Remembering Indira Gandhi Today

Sunday 1 November 2009, by Sumit Chakravartty

“The ‘Indira hatred’ slogan of her opponents has died with her, but for a long time the rallying cry in India was her call of ‘Garibi Hatao’ (end poverty). Witnesses bear testimony to the fact that where millions wept at her demise, beyond the family the sincerest tears were shed by the wretched and the poor who feel bereft because they believe that she had genuinely sought to give them succour and shield them against their oppressors.”

The above lines were written by the outstanding Pakitani journalist, the late Mazhar Ali Khan, one of the most perceptive observers of the South Asian scene, in his moving tribute to Indira Gandhi—perhaps the best in our region [his editorial in Pakistan Times after Mahatma Gandhi’s tragic and (‘Golden Dust’) was also the most memorable tribute to that towering figure in our subcontinent]—in his now-defunct weekly Viewpoint (November 6, 1984) barely a week after her assassination.

Mazhar sahb did bring out one particular facet of Indira Gandhi’s political life—her indefatigable striving to stand by the poor and the marginalised, the disprivilegd and the dispossessed; hence her stirring call to banish poverty in the 1971 Lok Sabha polls that electrified the public at large, and the toiling masses in the lowest rungs of the socio-economic ladder in particular, giving her party an extraordinary mandate and inflicting a resounding defeat on all her opponents, both inside the Congress and outside, primarily representing Right-wing interests.
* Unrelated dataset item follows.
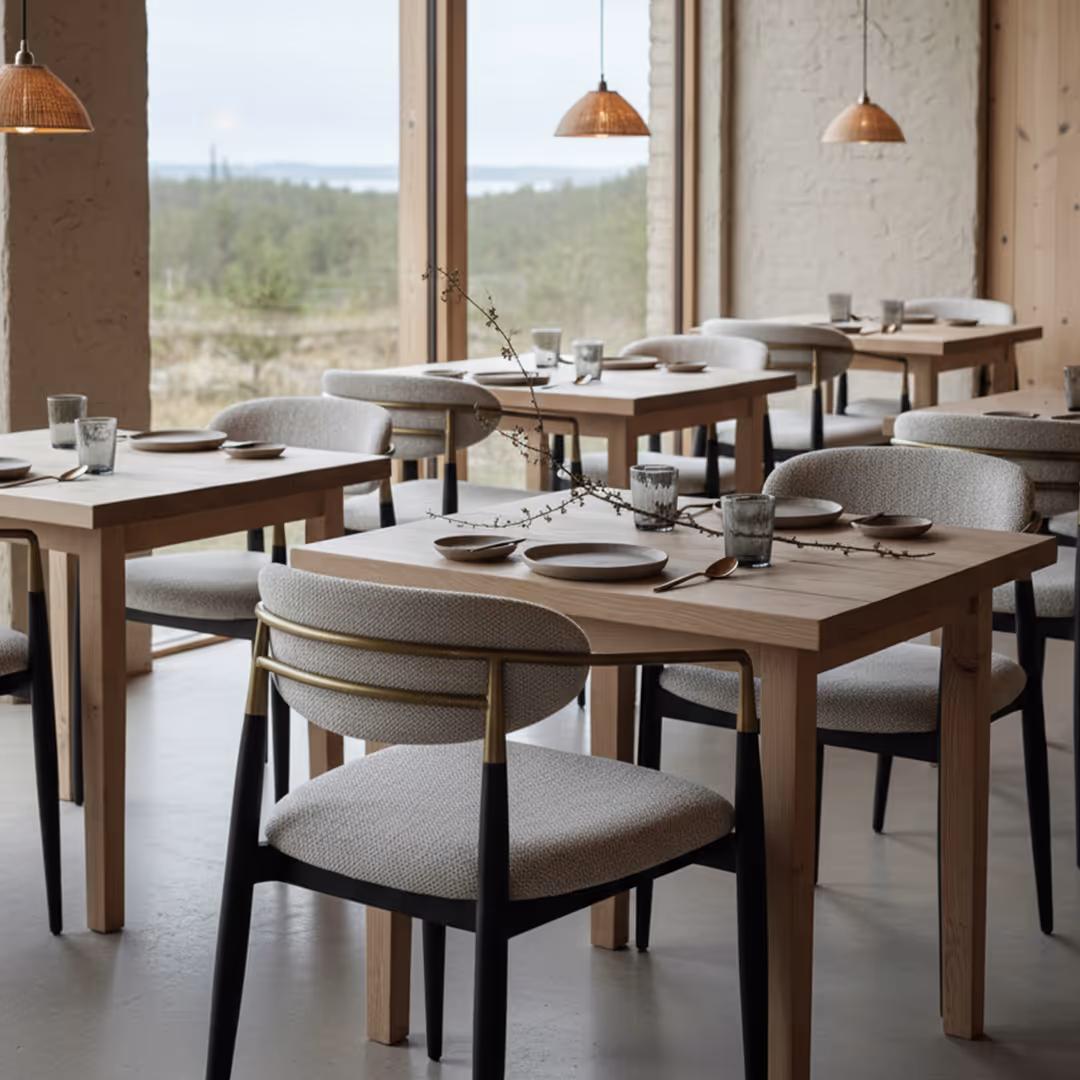 Minimalist restaurant interior with light wood tables, Treviso chairs, and woven pendant lights overlooking a natural landscape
True, she did precious little to translate that call ‘Garibi Hatao’ into reality but her remarkable charisma, her capacity to endear herself to the common people alongside her ability to strike instant rapport with the masses left a deep impress on the public mind. No other leader—barring the Father of the Nation, Mohandas K. Gandhi, the tireless crusader for India’s freedom from British rule, Netaji Subhas Chandra Bose, and her own father, Jawaharlal Nehru, the architect of modern India—has left that kind of impress on the people of this vast landmass.

Her other positive attribute was her untiring and relentless fight against communalism, especially of the majortanian variety. She carried it out with singleminded zeal, grit and determination and at times gave the impression that she was more tenacious in this struggle than even her father. Nevertheless, unlike her father she did exploit religious sentiments for petty political gains thereby compromising and weakening in the process the tenets of secularism that Nehru, as the first PM of independent India, had uncompromisingly upheld and preserved during his lifetime.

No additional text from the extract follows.